_INFORMATION PROVIDED_
=== Section Start ===

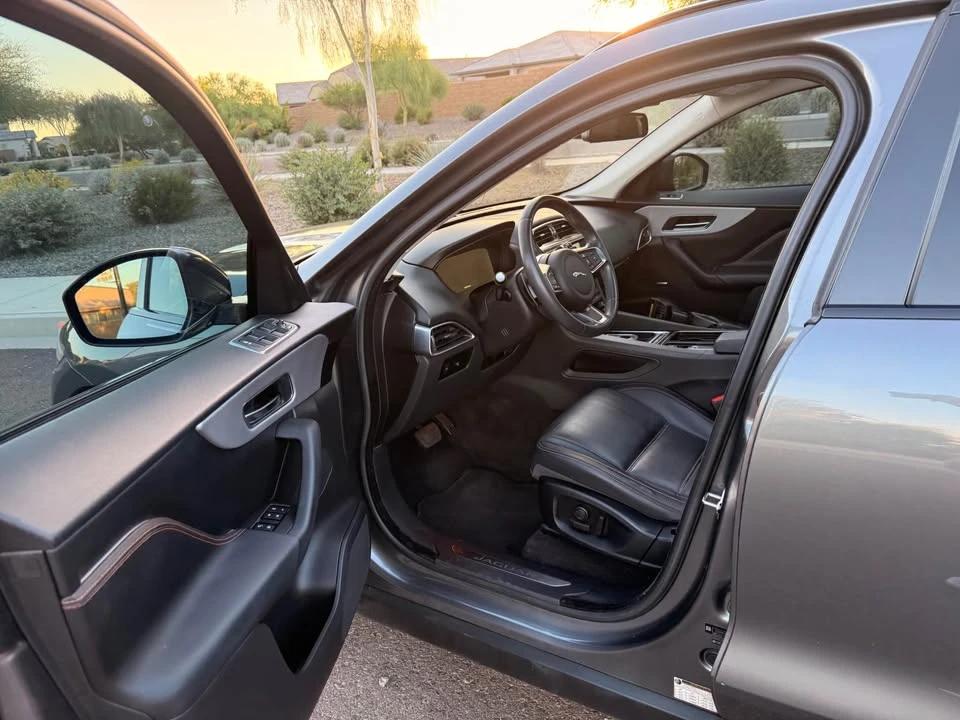 2018 Jaguar F-Pace - Image 7 of 21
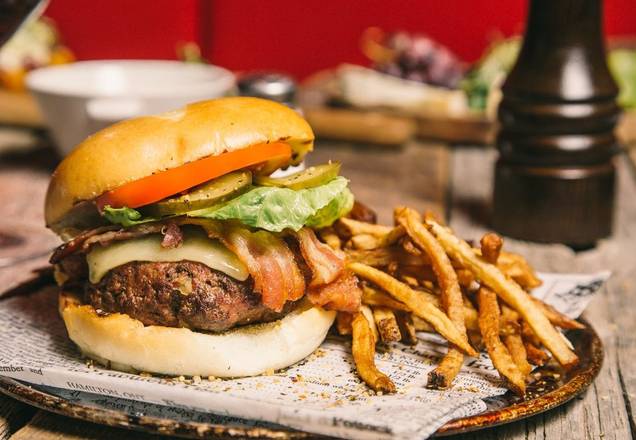 Burger Classique avec Frites / Classic Burger with Fries
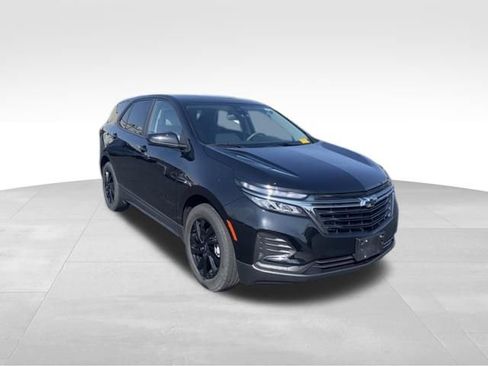 Certified 2023 Chevrolet Equinox LS w/ LS Convenience Package image 8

=== Section End ===

_WHAT IS EXPECTED_
Take the listing above and print it exactly, apart from the pictures.

_ANSWER BOX_
 2018 Jaguar F-Pace - Image 7 of 21
 Burger Classique avec Frites / Classic Burger with Fries
 Certified 2023 Chevrolet Equinox LS w/ LS Convenience Package image 8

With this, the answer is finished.